I have a lot of trouble being transparent. I guess you could also say that I have trouble trusting people. No... you could definitely say that.
I've spent so much time comparing this experience of waiting to bring home our next precious baby to the time 3 years ago when we were waiting to bring home Hannah. There are so many similarities but it's the differences that amaze me.
When we were waiting for Hannah, we kept most everything that we were going through to ourselves. It seemed so much easier to go through the infertility treatments, home study, stress, and tears on our own... together. In a way, I guess we avoided lots of questions and inquisitive people...but we also missed out on a lot of support. No, we missed out on TONS of support... all because we were afraid to let people in. We didn't know how to be transparent without it looking like we were seeking sympathy or attention.
This seemed like a good idea for a while. On the outside everything was normal. On the inside we were slowly falling apart, grasping for answers, and hanging on to our faith when we really wanted to question God and ask "WHY?!". What ended up happening is that the flood-gates burst one night while we were meeting in our living room with our incredible small group from church. I mean... they BURST! We're lucky that it happened when we were with these people. Let's flash-back to February 7, 2009...
Secrecy can eat you alive!
Until now, only a handful of people know of our struggle trying to conceive. I feel guilty about our secrecy from even our close family and friends but the truth is, I'm just not ready to divulge the intimate details yet; not that we have all that much to tell as all tests point to "normal"l whatever the heck that means.
Though the last 14 months have been the most difficult of our lives, it has been somewhat more difficult to keep our struggle from our small group; the people who open up to us on a weekly basis, and who rely on us for prayer and encouragement. I want so badly to pray for them, support them, and know when they are struggling so I can offer to help but when it comes to me being transparent with them, I just can't. Will they blame me like I've so often blamed myself? Will they tell us we're over-reacting? So many fears!

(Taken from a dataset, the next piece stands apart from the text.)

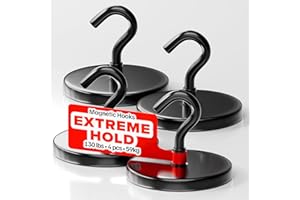 Magnethaken 59 kg/130 lbs (Set 4 Schwarz) – Magnethaken auf Zuhause & Küche – extra starke Neodym-Haken zu den Einsatz im Freien & im Garten – starke Seltenerdmagnete für Kreuzfahrtkabinen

Vulnerability has never been my strong-suit. Have you ever been burned? You know the kind I'm talking about. I've been burned so many times by people whom I confided in. In the end, transparency has never come out on my side. Because of this, I am the most independent and private person, in every sense of the word, however I have learned that even I can only stand to be this way for so long. This time, I endured 14 months and was ready to bust!
Though we did not plan it, we told our small group tonight about our struggle and asked them to pray for and with us. As soon as Joey started talking, I lost it. This was a million times worse than 'the ugly cry' people! I was hit with a mix of relief and dread at the same time. Relief to finally be open and honest with our best friends and dread because we were now risking the spread of our intimate struggle. I knew I couldn't handle that yet.
I should have given these precious friends more credit. I was overwhelmed by their response. They, both men and women, cried with us, prayed with us, and were sensitive to our feelings. God is faithful and it helps to know that our second family is praying for and with us and can celebrate with us when God blesses us with a baby! I cannot wait to see what God has in store for us.... and I am SO thankful for friends and their unconditional love for us!
Every one of those friends were among the very first to celebrate with us when we brought our sweet baby girl home. They respected our privacy but we knew that they were praying us through the darkness that we were in... and I know now that being vulnerable with them was one of many steps we had to walk up before we could bring home our baby. Less than 7 months later, that's exactly what we did!
I'm still learning how to be vulnerable. I've been burned many more times since February 2009 but I have to keep trusting. I have to keep making myself trust the people who care about me. How can I expect them to do the same with me if I don't trust them myself? This blog is one more step for me in trusting the people that God has placed in our lives... all of you. I've always envied people who blog. I never thought that I could put my most private thoughts and feelings out on a public forum like this. But I have. And I know that when we bring home our next Baby Smith, you will all be rejoicing with us because you will know the path we've walked and every struggle we faced along the way.
Have you experienced heartache? Infertility? A miscarriage? Infidelity? A failed adoption? Have you lost your job?
Have you told someone? Try it... trust those whom God has placed in your life. Give them the gift of being able to celebrate with you when you do get pregnant, find the person you're meant to be with forever, get the job you've been waiting for, or bring home your baby. I can't promise that you won't regret it, because there are times that I have... but you will learn from it and you will be taking one more step toward your dream.